[![Open In Colab](https://colab.research.google.com/assets/colab-badge.svg)](https://colab.research.google.com/github/pdf-tools/components-code-sample-hub/blob/main/jupyter/pdftools_toolbox/pdftools_toolbox_text_extraction.ipynb)

In [None]:
%pip install https://pdftools-public-downloads-production.s3.eu-west-1.amazonaws.com/productkits/PDFSDKXT/latest/pdftools_toolbox-latest.tar.gz
%pip install ipython

# Extract all text from PDF
Write text from PDF page by page to console. Determine
heuristically if two text fragments belong to the same
word.

In [None]:
import io
from pdftools_toolbox.pdf import Document
from pdftools_toolbox.pdf.content import ContentExtractor, Text, UngroupingSelection, TextElement

In [None]:
# Download a file from a given URL and save it to the local system
def prepare_file(url: str, path: str):
    import requests
    response = requests.get(url)
    response.raise_for_status()

    with open(path, 'wb') as f:
        f.write(response.content)

In [None]:
# Set input arguments
input_url = 'https://pdftools-public-downloads-production.s3.eu-west-1.amazonaws.com/samples/testfiles/InvoiceNone.pdf'
input_file_path = 'InvoiceNone.pdf'
prepare_file(input_url, input_file_path)

In [None]:
def write_text(text: Text):
    """Reconstruct text heuristically from text fragments."""
    text_part = []

    # Write all text fragments
    # Determine heuristically if there is a space between two text fragments
    for i_fragment, curr_fragment in enumerate(text):
        if i_fragment == 0:
            text_part.append(curr_fragment.text)
        else:
            last_fragment = text[i_fragment - 1]
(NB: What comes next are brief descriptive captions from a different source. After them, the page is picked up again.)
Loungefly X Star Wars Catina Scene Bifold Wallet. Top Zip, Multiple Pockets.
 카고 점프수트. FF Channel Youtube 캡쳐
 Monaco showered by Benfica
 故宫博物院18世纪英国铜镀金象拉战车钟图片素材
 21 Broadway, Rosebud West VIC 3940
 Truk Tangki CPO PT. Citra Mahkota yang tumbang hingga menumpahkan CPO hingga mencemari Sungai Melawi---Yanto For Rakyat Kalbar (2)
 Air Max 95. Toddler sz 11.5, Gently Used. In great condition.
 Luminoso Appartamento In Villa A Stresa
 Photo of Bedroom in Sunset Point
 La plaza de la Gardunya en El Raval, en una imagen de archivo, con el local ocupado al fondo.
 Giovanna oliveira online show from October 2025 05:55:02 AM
            # Determine if there's a space between fragments
            if (curr_fragment.character_spacing != last_fragment.character_spacing or
                curr_fragment.font_size != last_fragment.font_size or
                curr_fragment.horizontal_scaling != last_fragment.horizontal_scaling or
                curr_fragment.rise != last_fragment.rise or
                curr_fragment.word_spacing != last_fragment.word_spacing):
                text_part.append(f" {curr_fragment.text}")
            else:
                current_bot_left = curr_fragment.transform.transform_rectangle(curr_fragment.bounding_box).bottom_left
                before_bot_right = last_fragment.transform.transform_rectangle(last_fragment.bounding_box).bottom_right

                if (before_bot_right.x < current_bot_left.x - 0.7 * curr_fragment.font_size or
                    before_bot_right.y < current_bot_left.y - 0.1 * curr_fragment.font_size or
                    current_bot_left.y < before_bot_right.y - 0.1 * curr_fragment.font_size):
                    text_part.append(f" {curr_fragment.text}")
                else:
                    text_part.append(curr_fragment.text)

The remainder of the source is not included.